Two sides of the same coin. A joint venture it is. aussie and nz ingenuity tax concessions. call it what you like...we both need to screw more taxes, any which way we can out of each other. maybe we can reciprocate economy wise and tax wise. A woman walks into an accountant's office and tells him she needs to file her taxes.* *The accountant says, "I'll need to ask you a few questions." He gets her name, address, social security number, etc. and then asks, "What's your occupation?" * *"I'm a prostitute," she says. * *The accountant is somewhat shocked and says, " Let's try to rephrase that." * *The woman says, "OK, I'm an Australian high-end call girl". * *The accountant replies, "That still won't work. Try again." * *They both think for a minute; then the woman says, "I'm an elite New Zealand chicken farmer." * *The accountant asks, "What does chicken farming have to do with being a prostitute?" * *"Well, I raised a thousand little peckers last year." * *"New Zealand Chicken farmer it is..I suppose a pheasant plucker is really out of the question." Alternatively the accountant stated "Same difference...you could have said you were a consultant for NZ social welfare, but that will have to do, we have too many of those breeding idiots on the books as it is"

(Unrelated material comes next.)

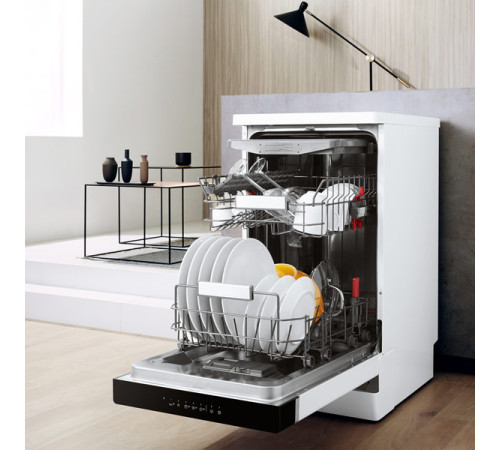 ჭურჭლის სარეცხი მანქანა WHIRLPOOL WSFO 3O23 PF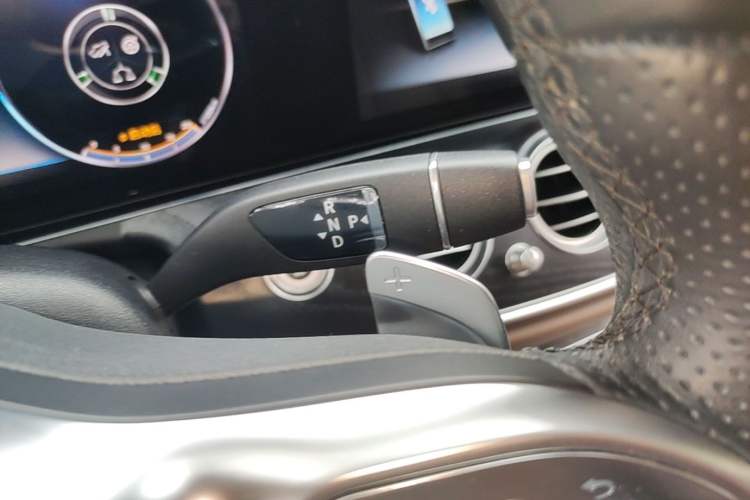 Used Mercedes-Benz E-Class 2019 Restyled E 300 L Sport Luxury Edition Gear Lever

As I noted back in Feb 2011.
http://sustento.org.nz/anzac-back-on-the-parade-ground/
Key bit is the Peter Costello quote at the end.
While I tend to agree with you Bernard....I think it was Australia that dodged the bullet there...!
On so many levels the wetback border crossings would become the target of National resentment as the cooler economic winter sets in.
Maybe what they desired was a peso type curriency for the purpose of social welfare..? now they figure the NZD will become the next best thing.
Caught you on John Tamahere's thingy there yesterday....uh ...? more on that later ...Bernard for P.M. indeed....is that good tele..?
There's a hunk of Conservation Land up in the NI, good gold reserves sitting in the ground. Best and safest place for it at the moment. Could always dig it up if a Gold Standard were ever re-implemented, which I'm told is highly unlikely.
Personally I wouldn't invest in physical gold for the reasons you have outlined above. There are far better ways to make money off the gold market.